- Directed by: David Bezmozgis
- Written by: David Bezmozgis Paige Cooper
- Based on: The Betrayers by David Bezmozgis
- Produced by: Bill Marks Anna Yatsenko Volodymyr Yatsenko
- Starring: Michael Aronov Simon McBurney Tina Benko
- Cinematography: Jared Raab
- Edited by: Orlee Buium
- Music by: Anton Dehtiarov
- Production companies: ForeFilms A71 Entertainment
- Distributed by: Vortex Media
- Release date: September 12, 2026 (TIFF);
- Running time: 90 minutes
- Country: Canada
- Language: English

= The Betrayers (film) =

2026 Canadian drama film

The Betrayers is a Canadian-Ukrainian drama film, directed by David Bezmozgis and released in 2026. An adaptation of his own 2014 novel of the same name, the film centres on Baruch (Michael Aronov), an Israeli politician and former Soviet dissident disgraced by scandal, who takes refuge in Crimea where he unexpectedly encounters Volodya (Simon McBurney), the man who originally betrayed him to the KGB many years earlier.
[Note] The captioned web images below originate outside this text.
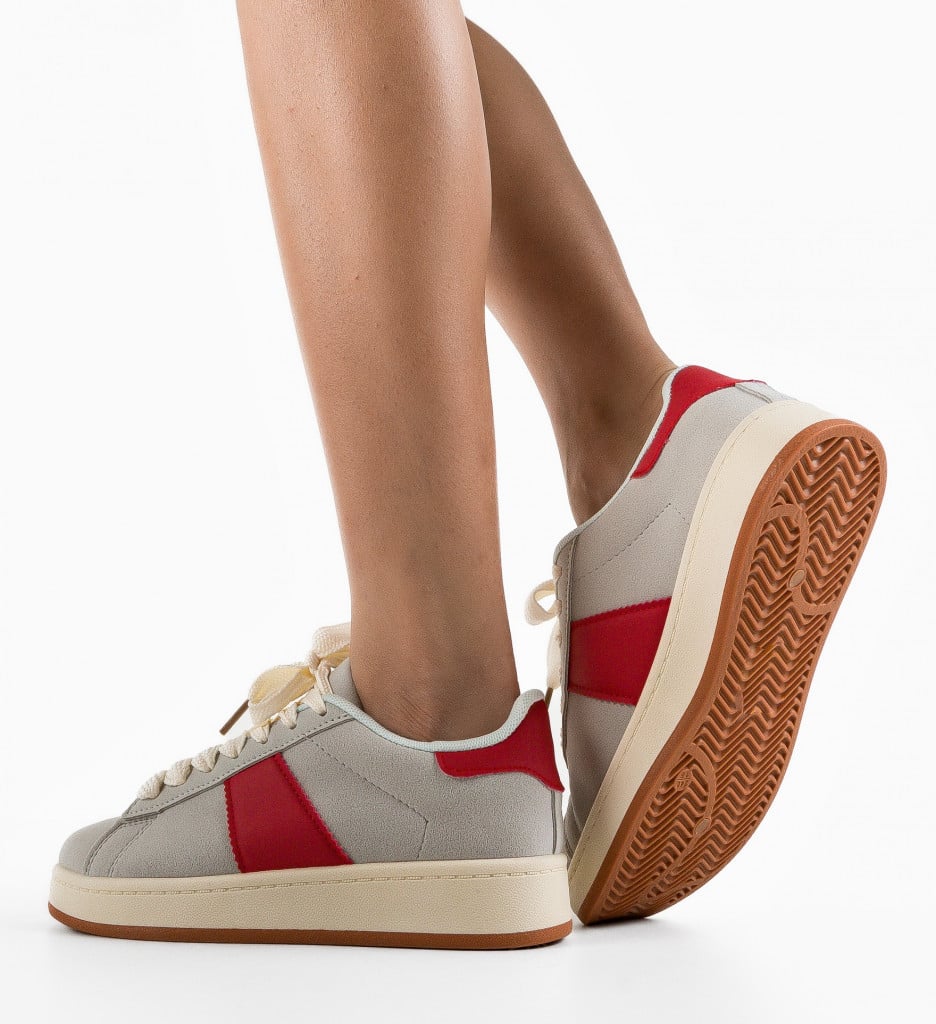 Sneakers dama Kionba Gri - 1 | YEO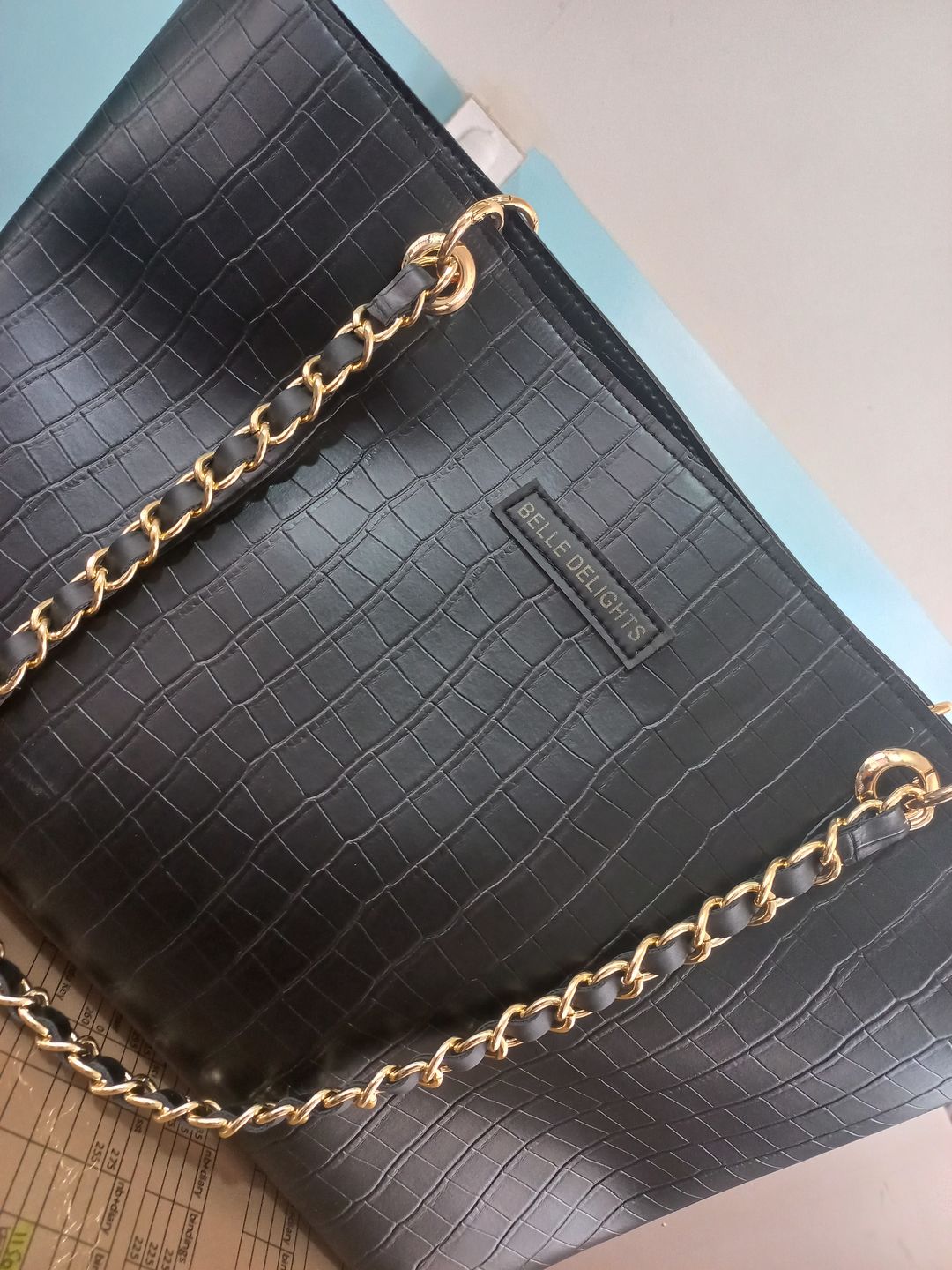 Customer photo review of Off White New Wave Tote Bag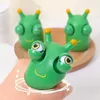 Toy de descompressão Funny Eye Bold Squeeze Toy Green Eye Eye Caterpillar Toys Brinquedos Adultos Crianças Adultos Alívio do Estresse Fidget Toy Creative Decompression Toy D240424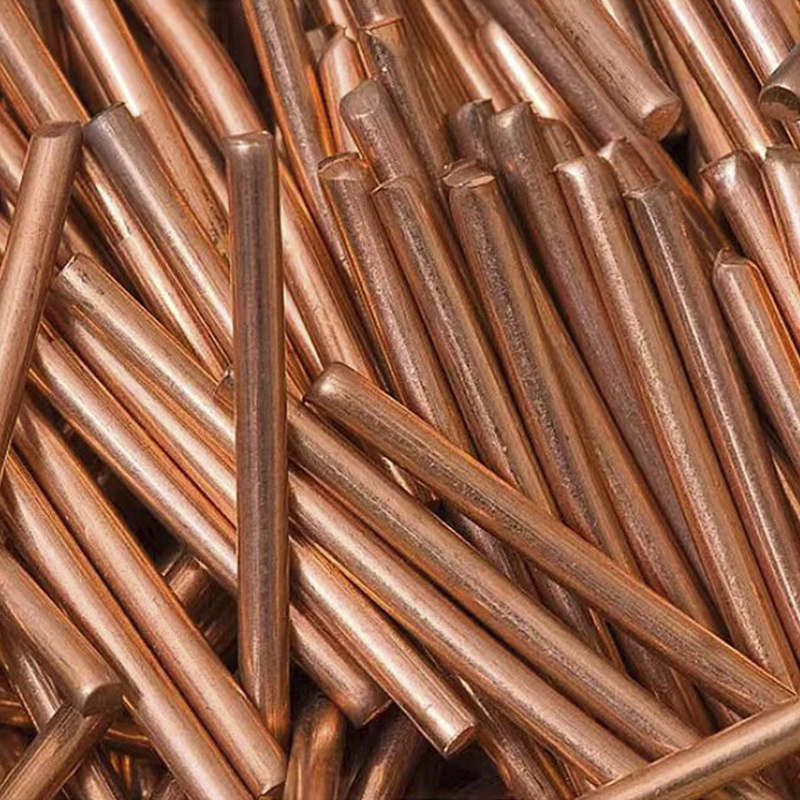 China factory 99.9% pure round copper rod 10mm c10100 c1100 T1 T2 T3 copper bar price per kg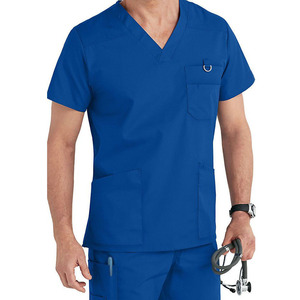 Uniformes Médicos Transpirables para Hombre, Uniformes de Enfermería de Manga Corta con Logotipo Personalizado, Conjunto de Uniforme para Doctores - Product Image 1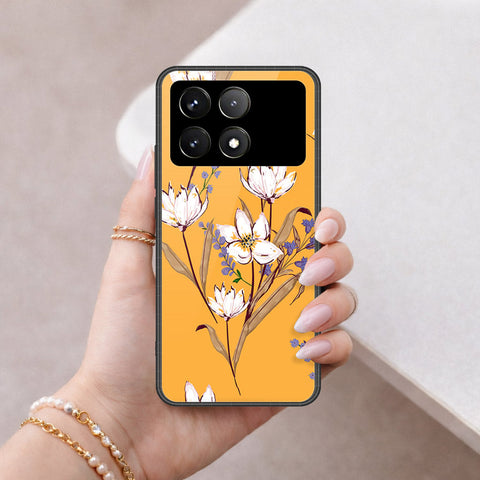 Xiaomi Poco X6 Pro Cover - Floral Series - HQ Ultra Shine Premium Infinity Glass Soft Silicon Borders Case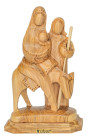 Modern Art Contemporary Olivewood Holy Family 8 Inch Statue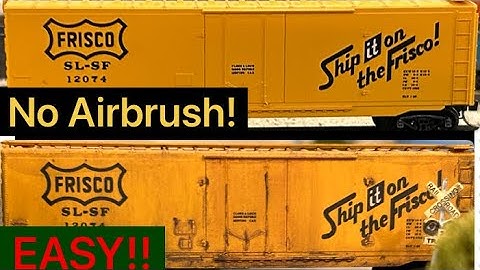 Weathering in 5 Minutes! No Airbrush Needed!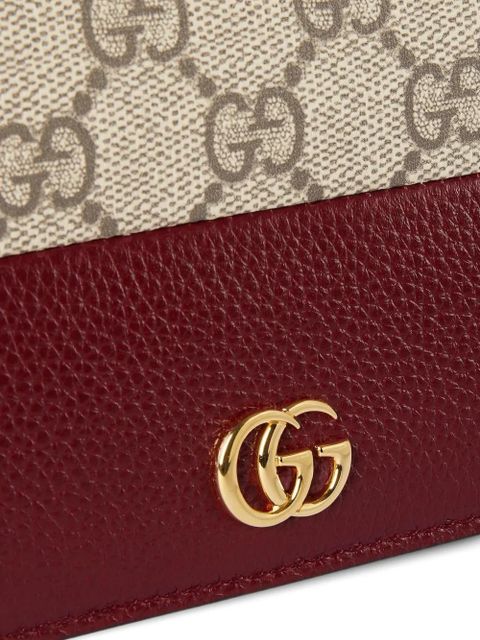 Gucci GG Marmont two-tone chain wallet - Neutrals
The cast also includes Kaelen Ohm and Tina Benko, as well as Roxanna Hope Radja, Elan Even, Aharon Jinjihashvili, Shauna MacDonald, Tara Nicodemo, Alex Ozerov-Meyer, Viktorija Portnova, Ronan Quiniou and Trudy Weiss in supporting roles.

==Distribution==
The film premiered in the Centrepiece program at the 2026 Toronto International Film Festival.

==Critical response==
For That Shelf, Rachel West wrote that "Bezmozgis’ ownership of the story works in his favour. He focuses on the key points of his novel and translates them to the screen with precision. At times, the film feels akin to a John le Carré novel, demonstrating a keen understanding of when to pull back and when to hold onto a moment. The characters leap from the page while retaining the fullness they have in the novel."